Evan Perry: Led Ashtanga & Mysore
I practiced with Evan for a few years, and thoroughly enjoyed my experience. He’s been teaching ashtanga for years and is a very dedicated, low key teacher. A friend calls him a bit of a rogue, as he’s not obviously a part of the ashtanga scene or gossip grapevine, no regular trips to Mysore, and none of the attitude that can come with. His adjustments are strong, grounding and generally spot on. His led classes on the weekend are a good place to start.
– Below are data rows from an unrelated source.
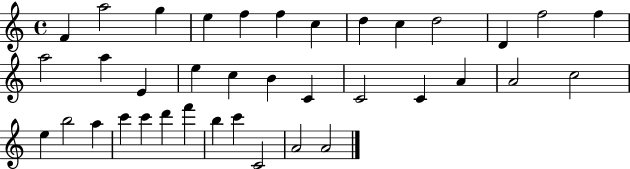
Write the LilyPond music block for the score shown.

{
  \clef treble
  \time 4/4
  \defaultTimeSignature
  \key c \major
  f'4 a''2 g''4 | e''4 f''4 f''4 c''4 | d''4 c''4 d''2 | d'4 f''2 f''4 | \break a''2 a''4 e'4 | e''4 c''4 b'4 c'4 | c'2 c'4 a'4 | a'2 c''2 | \break e''4 b''2 a''4 | c'''4 c'''4 d'''4 f'''4 | b''4 c'''4 c'2 | a'2 a'2 | \break \bar "|."
}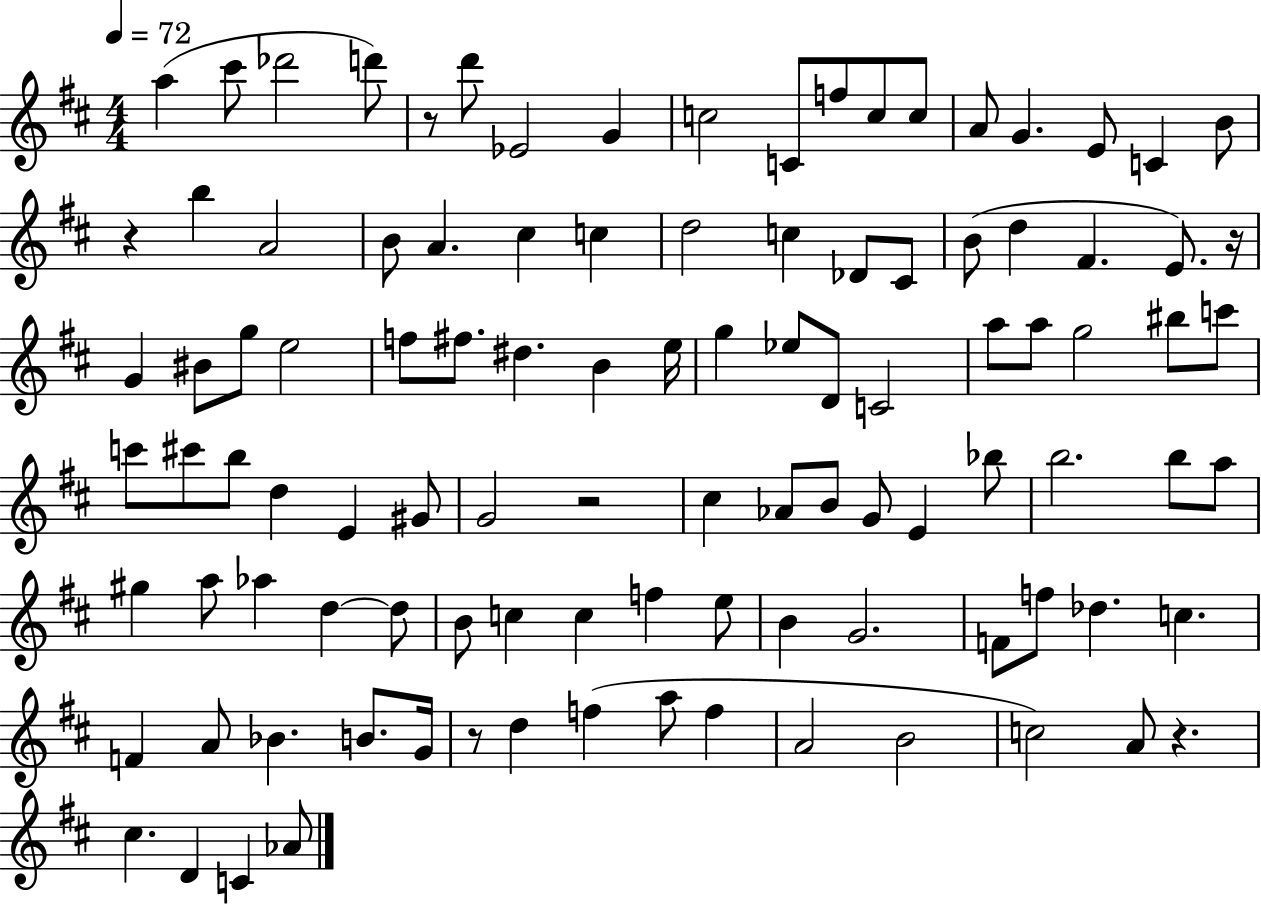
A5/q C#6/e Db6/h D6/e R/e D6/e Eb4/h G4/q C5/h C4/e F5/e C5/e C5/e A4/e G4/q. E4/e C4/q B4/e R/q B5/q A4/h B4/e A4/q. C#5/q C5/q D5/h C5/q Db4/e C#4/e B4/e D5/q F#4/q. E4/e. R/s G4/q BIS4/e G5/e E5/h F5/e F#5/e. D#5/q. B4/q E5/s G5/q Eb5/e D4/e C4/h A5/e A5/e G5/h BIS5/e C6/e C6/e C#6/e B5/e D5/q E4/q G#4/e G4/h R/h C#5/q Ab4/e B4/e G4/e E4/q Bb5/e B5/h. B5/e A5/e G#5/q A5/e Ab5/q D5/q D5/e B4/e C5/q C5/q F5/q E5/e B4/q G4/h. F4/e F5/e Db5/q. C5/q. F4/q A4/e Bb4/q. B4/e. G4/s R/e D5/q F5/q A5/e F5/q A4/h B4/h C5/h A4/e R/q. C#5/q. D4/q C4/q Ab4/e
Note that straight-up Ashtanga classes never have music, and there are usually the traditional opening and closing chants. The 3pm Sunday led class is a bit more mellow, sometimes half primary, sometimes more than half, seldom all, with plenty of people who don’t know the style. The Saturday 9am is usually full of his Mysore students and is always full primary. I’d guess everyone gets 0-1 assist, double that in Mysore. It’s also fine to drop in on the daily Mysore classes (6am–8:30am, M-F. He’s there until about 8) even if you are new to ashtanga and don’t know the primary series. In fact, Evan is a great person from whom to learn the basics of Mysore-style ashtanga. He has some truly dedicated students and a fair number of beginners, so it’s much less intimating than some of the city’s shalas. It’s easily the best deal for unlimited Mysore in NYC, and one of the few with towels and showers (not that you are supposed to shower after ashtanga. You aren’t). The Mysore community here is friendly. After they’ve seen your face for a few weeks, you’re one of the family.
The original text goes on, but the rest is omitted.